As sex differences became hazy, men learned to adapt to their newly perceived social and sexual roles. Apparently many women no longer wanted a ‘Prince Charming,’ but preferred independence and self-sufficiency. The idea of a man boldly pursuing his beloved, wooing her and finally capturing her heart, became patriarchal and old-fashioned. And traditional courtship—with its establishment of an enduring romantic relationship, often with family approval—was promptly considered antiquated and chauvinistic. Thus the framework of dating was dismantled (but not reconstructed) in the matter of two short decades.
Where there once was wonder and mystery encompassing the opposite sex, now there was widespread disesteem. Inasmuch as the sexes were basically one and the same—interchangeable and thus replaceable—there was little to discover in the other’s maleness or femaleness, masculinity or femininity. Society hardly endorsed physical sex differences, let alone those bound up in one’s personal identity or intrinsic nature. So the enchantment of the ‘other’ faded, and with it, perhaps, true ardor and romance began to die.

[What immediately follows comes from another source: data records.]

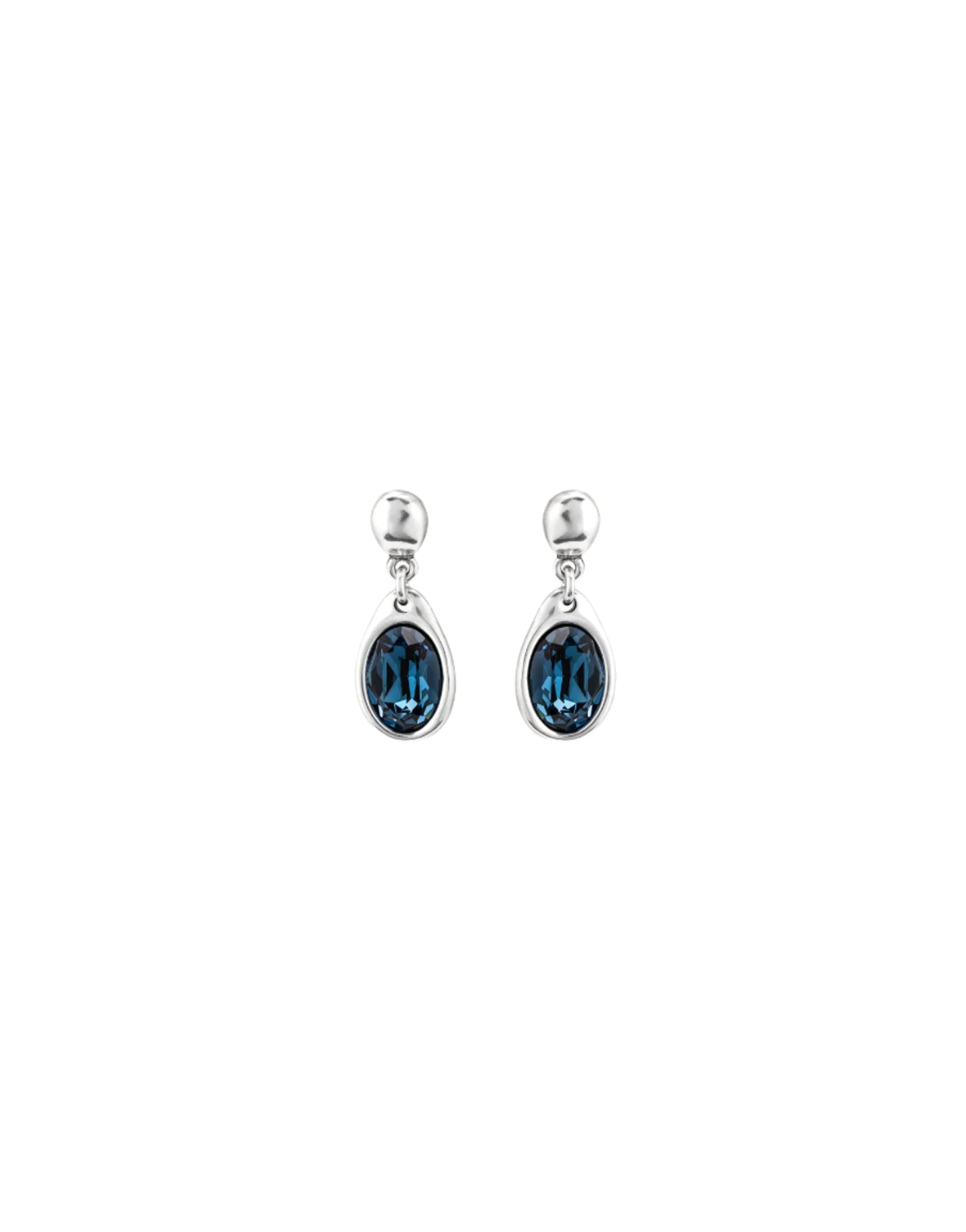 FLASHES Earrings in Blue/Silver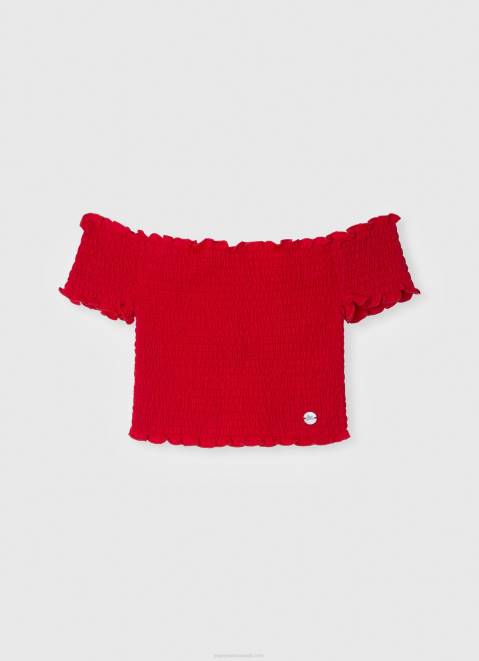 Pepe Jeans Short-Sleeved Gathered Top Girl Dulwich Z22X1425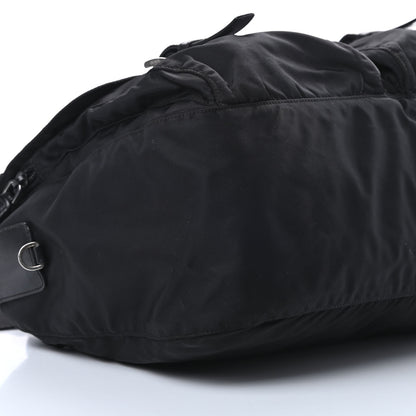Prada Nylon Vela Messenger Bag Black 9 of 16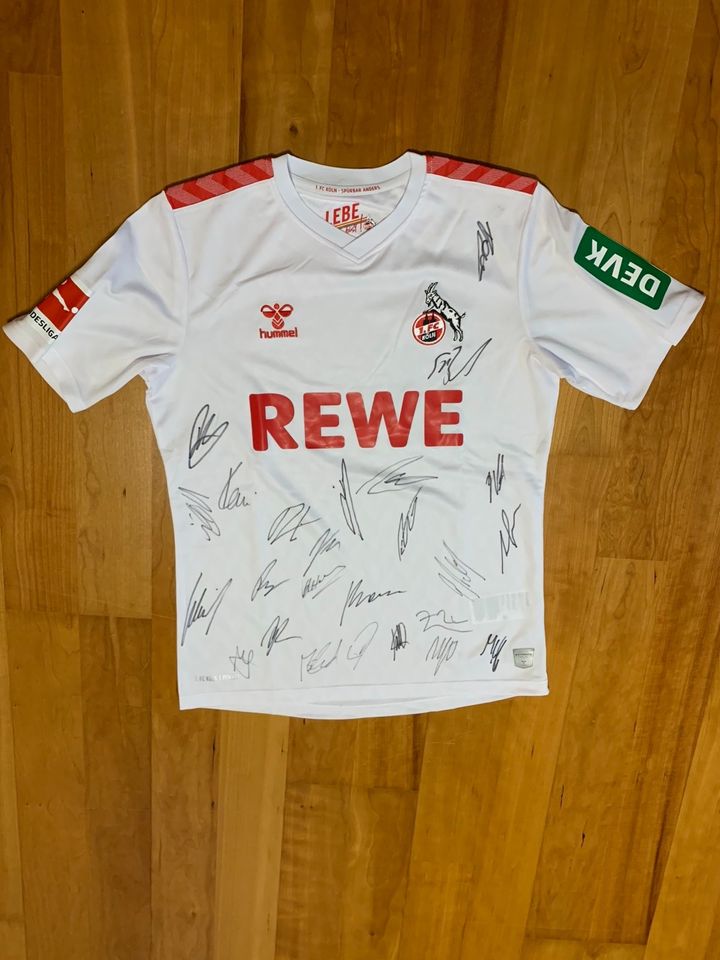 Trikot 1.FC Köln 23/24 mit Original Unterschriften M in Langenfeld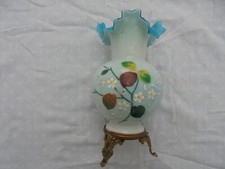 vase  en verre opaline souflet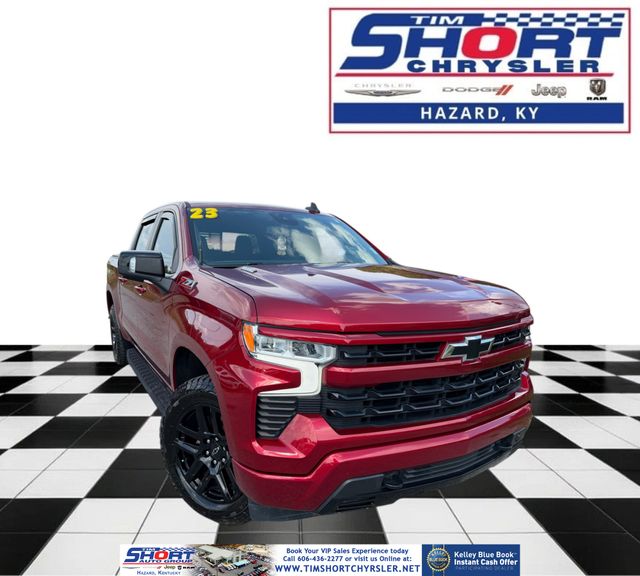 Radiant Red Tintcoat 2023 Chevrolet Silverado 1500 Pickup Truck Four-Wheel Drive Automatic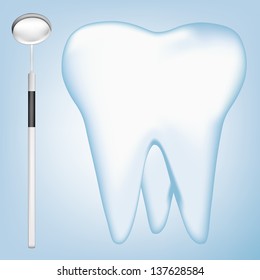 tooth design element. vector mesh illustration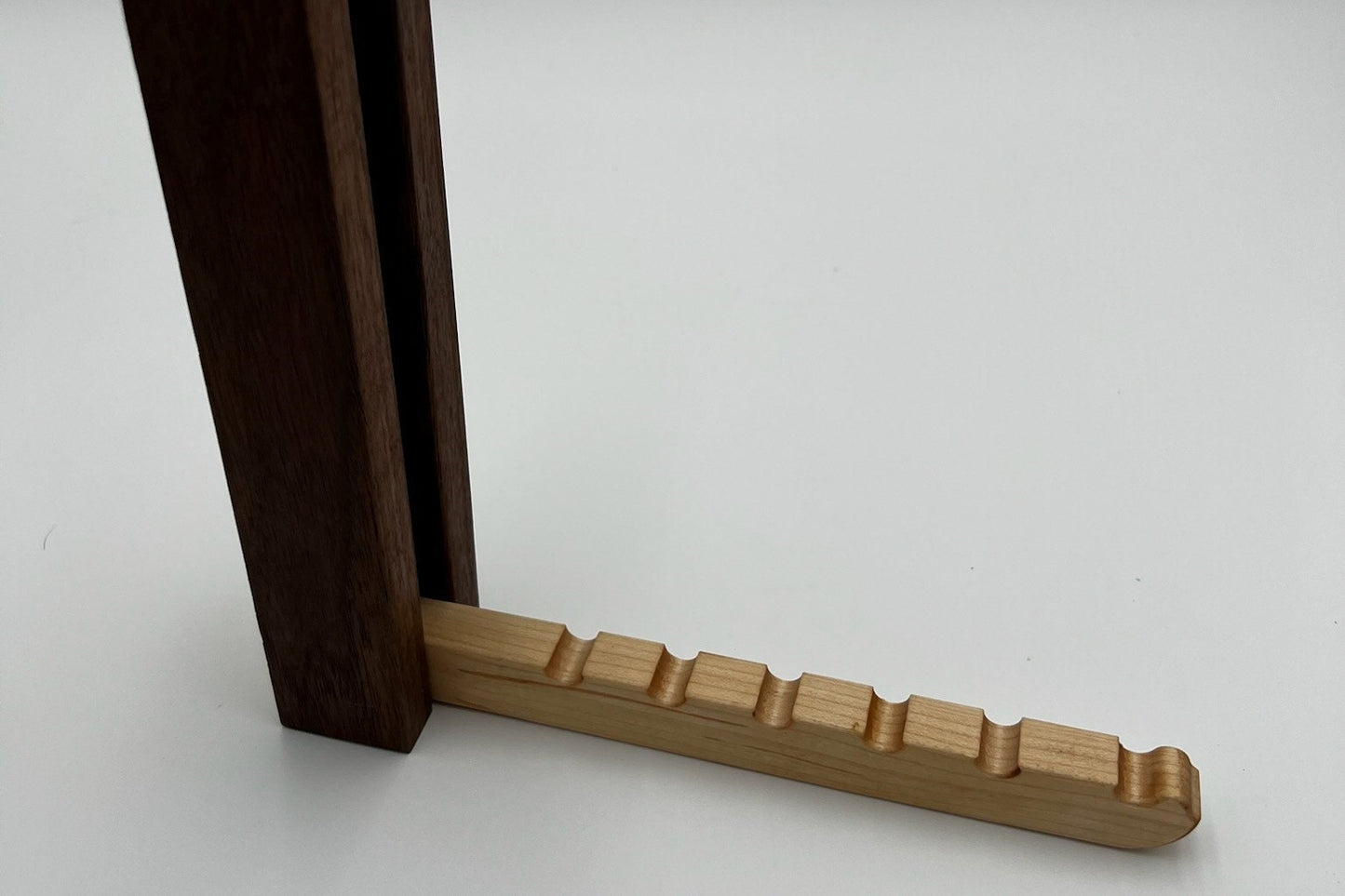 Space Saving Wooden Wall-Mounted Coat Hanger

This demise, only enlivened today in rare bits of clearness amidst the confusion, has sown hopelessness. We’ve buried dreams of a lifelong lover, partner, companion, and best friend. We’ve lain to rest our wishes for an affection that is silly and playful, for a love that is brave and true. We think the current state is all there is—a state where every man fends for himself, too afraid to make his heart vulnerable to the ‘other,’ who, we still do know to be hauntingly distinct from ourselves. And we witness this reduction of expectation as it stems from a more desolate reduction still—a reduction in the value of the human person, most especially in the arena of sex.
Hefner inculcated sex solely for pleasure. Sanger divorced sex from its power to generate a new human person—a person that has never before existed since the foundations of the world. Imagine. We say, “It is only sex,” or, “It is only one night;” yet, in the words of Dr. Anthony Esolen, “For the lover who has found the truth and fell in love with it, there is never an ‘only,’ but always ‘more, yet more.’” For the betrothed, it is never ‘for now’ but always ‘forevermore.’ To be sure, authentic love is daring in its eternality, fearless in its fidelity. It looks not for an ‘out,’ but delves deeper and deeper still, plunging nearer to the core of the beloved and thus nearer to ‘gift’ in its totality.
No doubt Relevant is on to something when it cites our sex-saturated culture, dependence on pornography, and ubiquitous ‘do what feels good philosophy’ as contributors to premarital sex among Christians. But perhaps it is the case that Christians—like the culture at large—primarily have hopelessness to blame.
Most women still want to be princesses, and most men still seek to win a woman’s heart. Hefner and Sanger diminished the person to the mere sum of parts, yet we know that men and women are remarkable and multifarious, fantastic and so much more. There is still magic in the differences of the sexes—and what a joy it is to encounter them! Indeed, our world contains the possibility of being radically altered by this ‘other,’ who, through the eyes of love, suddenly becomes much larger than we saw before.
What an enormous capacity we have to love. With a revival of appreciation for the splendor of the person as male or female, we can experience both the mirth and the fulfillment that comes with encountering the other sex, and—just perhaps—pen an article titled, “Why Young Persons Would Wait Forevermore.”